As Cesar Milan notes, dogs don’t lie. The bark is a window into their personality; into a set of needs and preferences.

Scratching your head? Here are a few of the possibilities in play.

Often, a bark can be a sign that a dog is overindulged.

A dog at the center of a manic household is a dog that’s likely to be badly behaved. Just like spoilt children, dogs whose owners bend to their every whim will use noise to command power.

If you own a dog, by rights you’re the pack leader. And as a pack leader it’s your responsibility to exert calm, assertive control.

Neglect this responsibility and it’s amazing how fast a dog will adopt a higher position in the hierarchy.

Often, a bark is a sign that a dog needs stimulation

Barks canbe a social cue; a way of saying hello. But long, drawn out volleys of noise indicate a “degree of urgency”, says dog psychologist Stanley Coren.

Often, the problem at play is boredom.

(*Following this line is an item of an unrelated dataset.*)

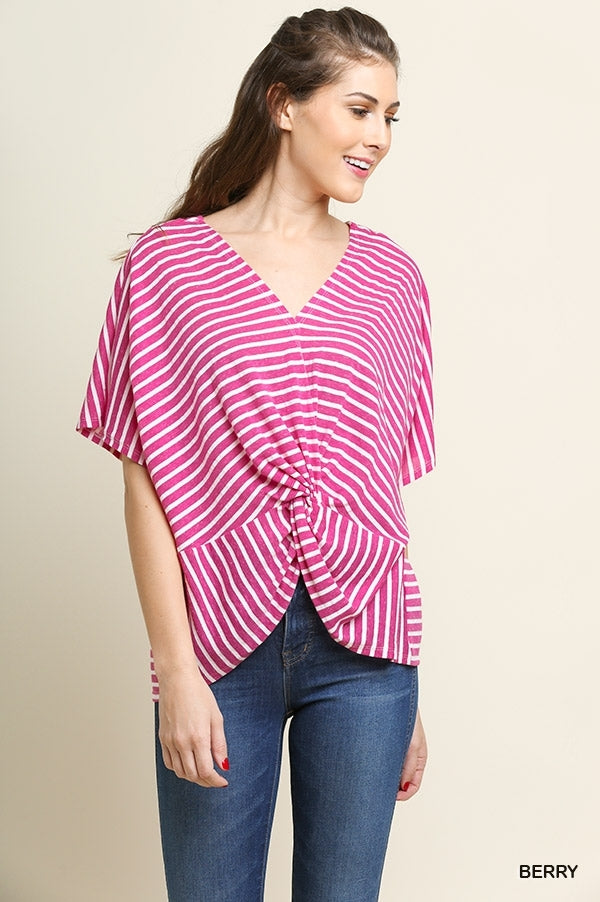 Size XL & 1XL All Twisted Striped Dolman Sleeve V Neck Reversible Top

An unstimulated animal is an unhappy animal – and especially when it comes to our canine friends. As we noted in a previous post on the topic, plenty of exercise paired with a toy or two should help the situation.

Often, a bark is a sign a dog is scared

Rescued pups often develop psychological trauma and then take this trauma into adulthood. A dog that cowers and/or barks at strangers is essentially telling you he’s scared. Animals like this will often end up retreating and finding a place to lie low.

The mistake is to try and coax him from this position, as coaxing him with food – the default play – only rewards the behavior.

Always pay particular attention to your energy. If you are hesitant to approach, and offering food in a meek manner, you’re almost fueling the idea that you’ve got a difficult animal on your hands.

A far better approach? Play the authoritarian leader. As Cesar Milan aptly puts it: “‘You just have to bring him out and get him out; bring him out and get him out. Then he sees he doesn’t have a choice.’”

Often, a bark is a sign that we’re stressed

Dogs can read our energy amazingly well. They’re very sensitive to the way we’re feeling. So if you’re presiding over an unsettled household, chances are your dog will feel the strain.

In fact, some canine psychologists believe it’s the smell of fear that dogs react to. Our bodies release pheromones when we’re under duress.

Sometimes, it’s wise to look inwards first.